:: Record set ::
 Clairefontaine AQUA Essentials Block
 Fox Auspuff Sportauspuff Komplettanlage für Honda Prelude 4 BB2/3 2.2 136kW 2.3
:::
:: Record set ::
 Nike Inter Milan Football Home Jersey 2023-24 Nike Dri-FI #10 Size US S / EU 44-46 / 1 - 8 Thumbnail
:::
Problem statement
Look above for the line that contains "Clairefontaine AQUA Essentials Block". Starting there, transcribe every line exactly until you have copied the line that contains "Fox Auspuff Sportauspuff".

Response below
 Clairefontaine AQUA Essentials Block
 Fox Auspuff Sportauspuff Komplettanlage für Honda Prelude 4 BB2/3 2.2 136kW 2.3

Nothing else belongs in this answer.